What happened to patient choice?

Friday, August 23, 2013

Customer service is our No. 1 priority and that is why our business has done so well. Our referrals love us also because of the great customer service we give them when they call to place an order for a patient who is being discharged from the hospital and/or nursing home and needs a walker or wheelchair or the portable oxygen tank delivered to them so they can go home. The DMEPOS competitive bidding program that is in place now will not provide this kind of service to the patients.

The program is causing serious access issues for Medicare recipients and also is very harmful to the small business owners. Currently in the Round 2 bidding program, we have providers that do not have current licenses, are not accredited with any accreditation company, and are out of state. In fact, there are some companies that are out of state and have won all the bids in the Chicago area, and the companies in the Chicago area did not win any bids. There are also companies who are in the Northern CBA but won the bid for the Southside CBA. There is no rhyme or reason why this has to be like this. They say it is to save Medicare money, but it will be costing Medicare more money in the long run because if a patient decides not to continue with the company, they can go to a different company and Medicare will start the 13-month rental period again. Also on oxygen, if the patient changes to a different company, not only will they get the 36 months but also an additional 10 months. This not only would cost Medicare more money, but also the insurance companies, the state, and the patients who have to pay the 20% portion or deductibles that are not covered by Medicare or their insurance company.

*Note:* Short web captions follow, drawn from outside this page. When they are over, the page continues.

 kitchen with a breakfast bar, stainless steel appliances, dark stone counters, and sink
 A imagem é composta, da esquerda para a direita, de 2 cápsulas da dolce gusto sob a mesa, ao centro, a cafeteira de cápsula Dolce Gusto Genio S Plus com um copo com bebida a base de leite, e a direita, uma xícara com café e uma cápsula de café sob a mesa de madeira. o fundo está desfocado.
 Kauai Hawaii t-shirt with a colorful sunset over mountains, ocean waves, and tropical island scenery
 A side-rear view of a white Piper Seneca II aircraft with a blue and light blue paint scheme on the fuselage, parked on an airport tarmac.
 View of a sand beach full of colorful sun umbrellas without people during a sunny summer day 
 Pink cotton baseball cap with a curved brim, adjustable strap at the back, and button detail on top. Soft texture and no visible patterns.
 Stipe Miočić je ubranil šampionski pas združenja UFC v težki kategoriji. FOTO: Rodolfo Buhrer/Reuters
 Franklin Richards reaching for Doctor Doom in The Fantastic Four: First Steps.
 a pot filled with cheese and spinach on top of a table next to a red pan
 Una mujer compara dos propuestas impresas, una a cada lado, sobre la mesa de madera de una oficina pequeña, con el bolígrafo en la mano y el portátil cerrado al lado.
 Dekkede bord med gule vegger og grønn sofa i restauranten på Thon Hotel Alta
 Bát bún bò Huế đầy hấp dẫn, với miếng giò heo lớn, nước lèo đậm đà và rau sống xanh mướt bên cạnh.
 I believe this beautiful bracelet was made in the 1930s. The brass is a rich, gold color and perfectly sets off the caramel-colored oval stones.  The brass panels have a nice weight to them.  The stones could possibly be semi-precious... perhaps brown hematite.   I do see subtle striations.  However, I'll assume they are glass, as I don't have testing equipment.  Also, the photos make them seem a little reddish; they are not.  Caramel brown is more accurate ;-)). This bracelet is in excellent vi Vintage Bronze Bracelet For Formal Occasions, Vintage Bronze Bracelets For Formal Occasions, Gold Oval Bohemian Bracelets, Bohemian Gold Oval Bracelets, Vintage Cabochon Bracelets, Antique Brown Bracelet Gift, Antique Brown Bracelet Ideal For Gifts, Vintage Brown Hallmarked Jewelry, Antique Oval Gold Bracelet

Another thing is that the patient might have three different companies in their house servicing them depending on the equipment and the company that won the bid for the area for that piece of equipment. This to me would be very confusing to the patients and also detrimental to the continuity of care. According to the standards, the patient has the right to choose—what happened to that standard?

There are also companies who won the bid and were awarded a contract who aren’t even in business anymore. I sure would like to know how CMS determined who should get a bid and who should not, because to me there is no set rule or process, since there are all these problems occurring.

—Deborah Baar, president, Baar Home Medical Equipment, Inc., New Lenox, Ill.